*** Opening of RAW DATA ***
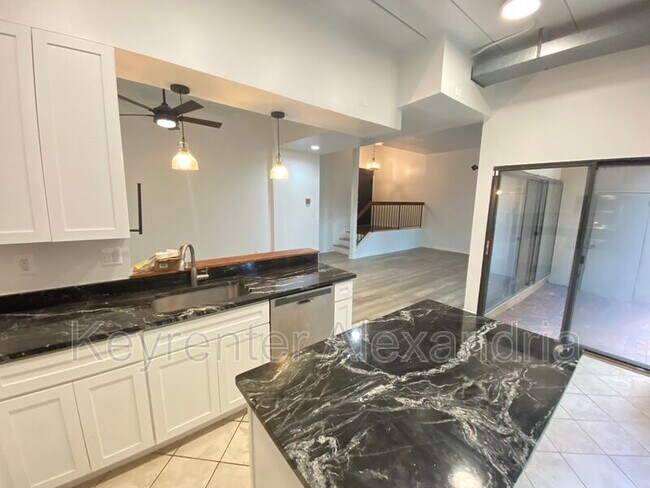 Building Photo - 124 Roberts Ln Unit 101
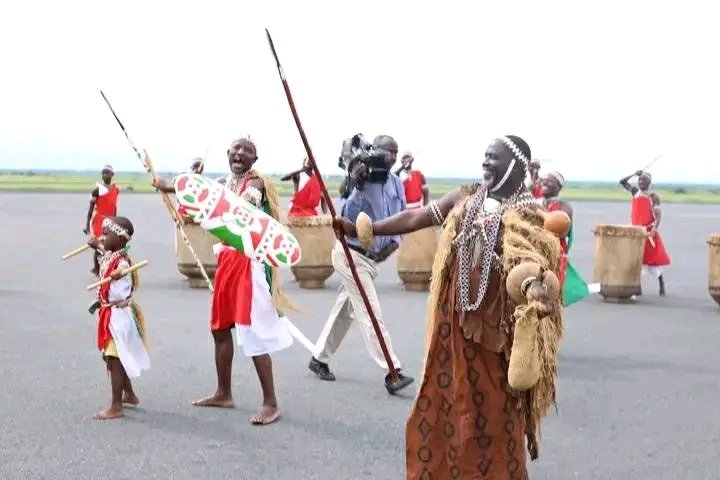 ShikirizaB's tweet photo. 🛬 Prezida @GeneralNeva ari kumwe n'Umutambukanyi wiwe, @Burundi1stLady, ahejeje kuganuka kuri uyu wa 09.12.2022 avuye mu gihugu ca Guinée Équatoriale aho yari yitavye ibirori vyo kwimika Umukuru w'ico gihugu mushasha, Obiang Nguema #Mbasogo.
👉 https://t.co/KWVGDtlRGa
#Shikiriza https://t.co/2fprHkJ91K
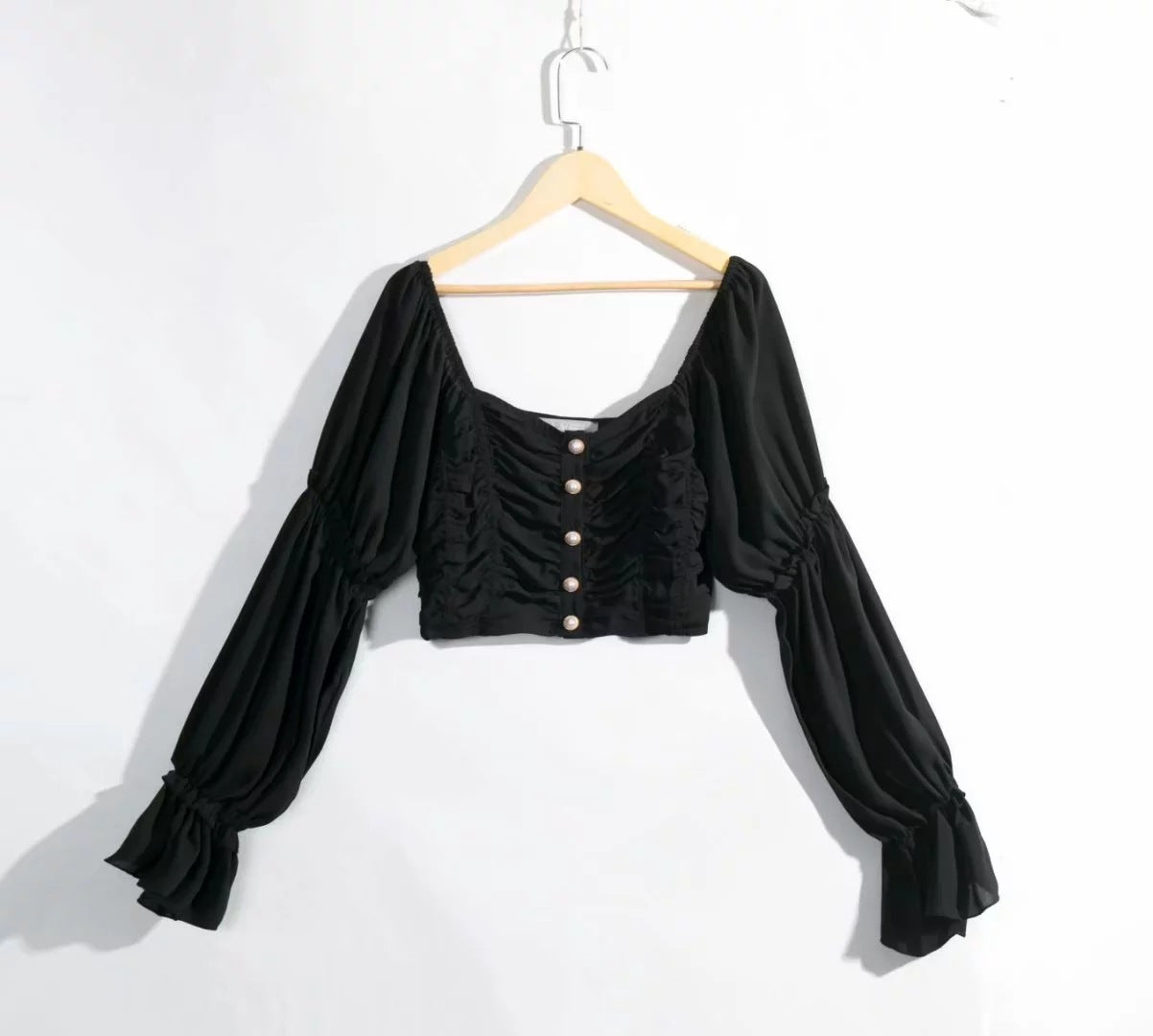 Retro long sleeve pleated top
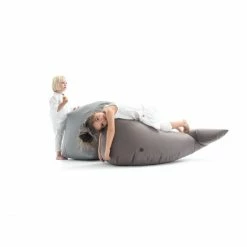 Sitting Bull Happy Zoo Carl Kinder-Sitzsack - 71x53x47 Cm - Grau 11 Sitting Bull Happy Zoo Carl Kinder-Sitzsack - 71x53x47 Cm - Grau -Leitmotiv Shop unnamed file 989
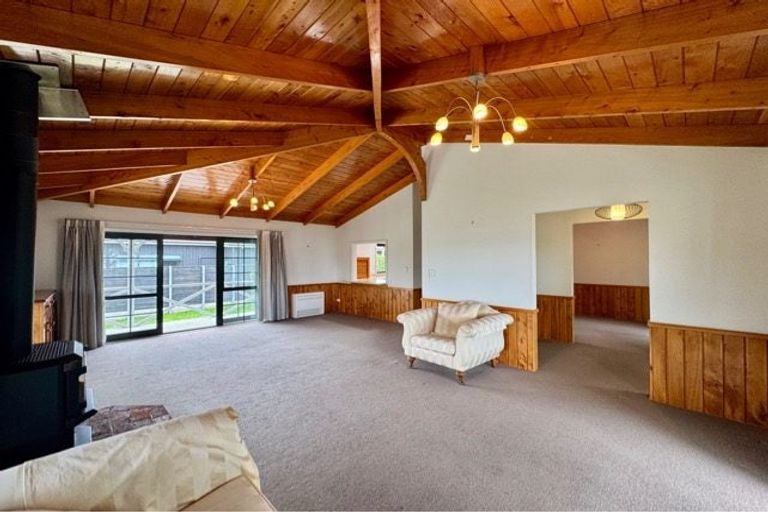 Photo of property in 16 Esther Street, Martinborough, 5711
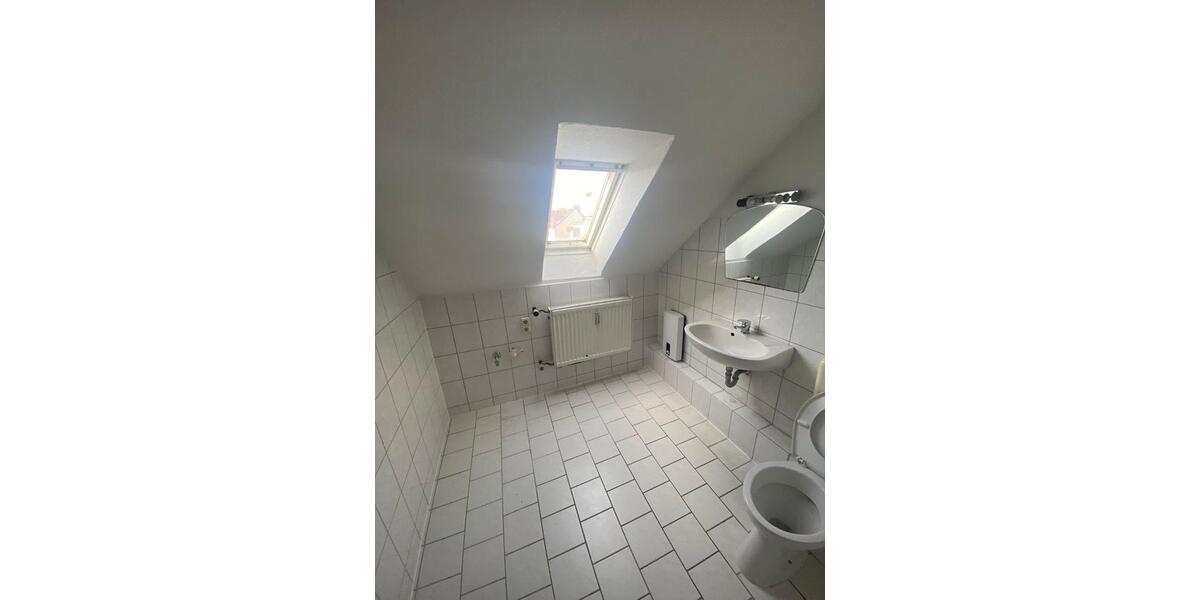 Helle 2-Zimmer Wohnung in guter Lage in Duisburg Neudorf 2 zimmer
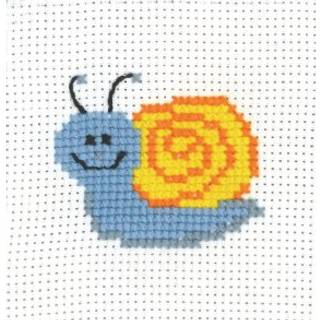 Broderikit MFK Snegl 8 x 8 cm Broderisæt med farverig snegl. Dimensioner: 8x8 cm. Klassisk kors- og stikkesting. 5 forskellige farver til designet. Aida-stof med 3,2 tråde/cm.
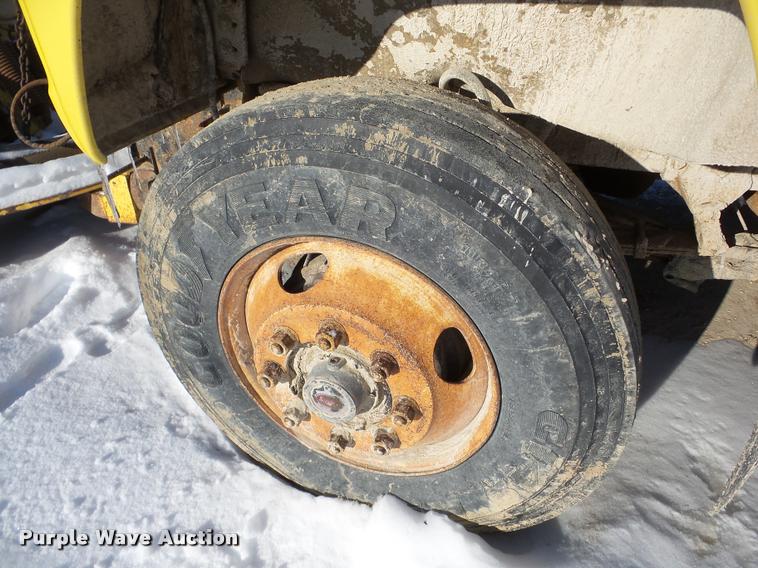 image for item DA1763 1991 Ford L8000 dump truck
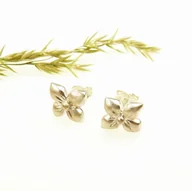 Kolczyki - Kolczyki srebrne - Kwiat gotycki mały sztyft biały - miniaturka - grafika 1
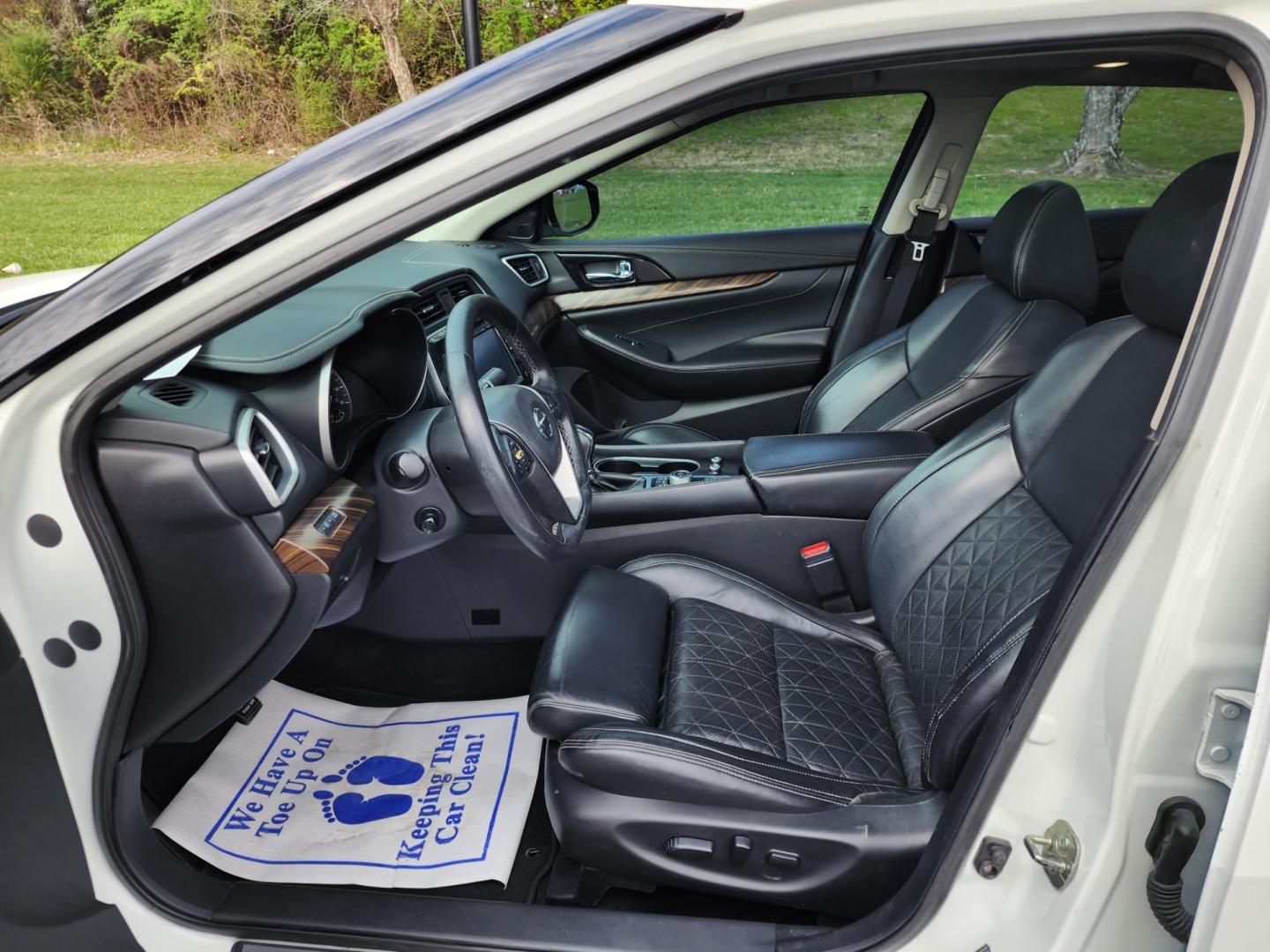 2016 WHITE /Black Nissan Maxima 3.5 Platinum (1N4AA6AP9GC) with an 3.5L V6 DOHC 24V engine, Continuously Variable Transmission transmission, located at 1221 Madison St., Shelbyville, TN, 37160, (931) 680-9439, 0.000000, 0.000000 - Photo#5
*** Close of RAW DATA ***
* _ACTIVITY_: Only the lines from the one containing "Photo of property" through the final line of the records should be retyped, exactly, with every picture omitted.

* _ANSWER TO THE EXERCISE_:
 Photo of property in 16 Esther Street, Martinborough, 5711
 Helle 2-Zimmer Wohnung in guter Lage in Duisburg Neudorf 2 zimmer
 Broderikit MFK Snegl 8 x 8 cm Broderisæt med farverig snegl. Dimensioner: 8x8 cm. Klassisk kors- og stikkesting. 5 forskellige farver til designet. Aida-stof med 3,2 tråde/cm.
 image for item DA1763 1991 Ford L8000 dump truck
 Kolczyki - Kolczyki srebrne - Kwiat gotycki mały sztyft biały - miniaturka - grafika 1
 2016 WHITE /Black Nissan Maxima 3.5 Platinum (1N4AA6AP9GC) with an 3.5L V6 DOHC 24V engine, Continuously Variable Transmission transmission, located at 1221 Madison St., Shelbyville, TN, 37160, (931) 680-9439, 0.000000, 0.000000 - Photo#5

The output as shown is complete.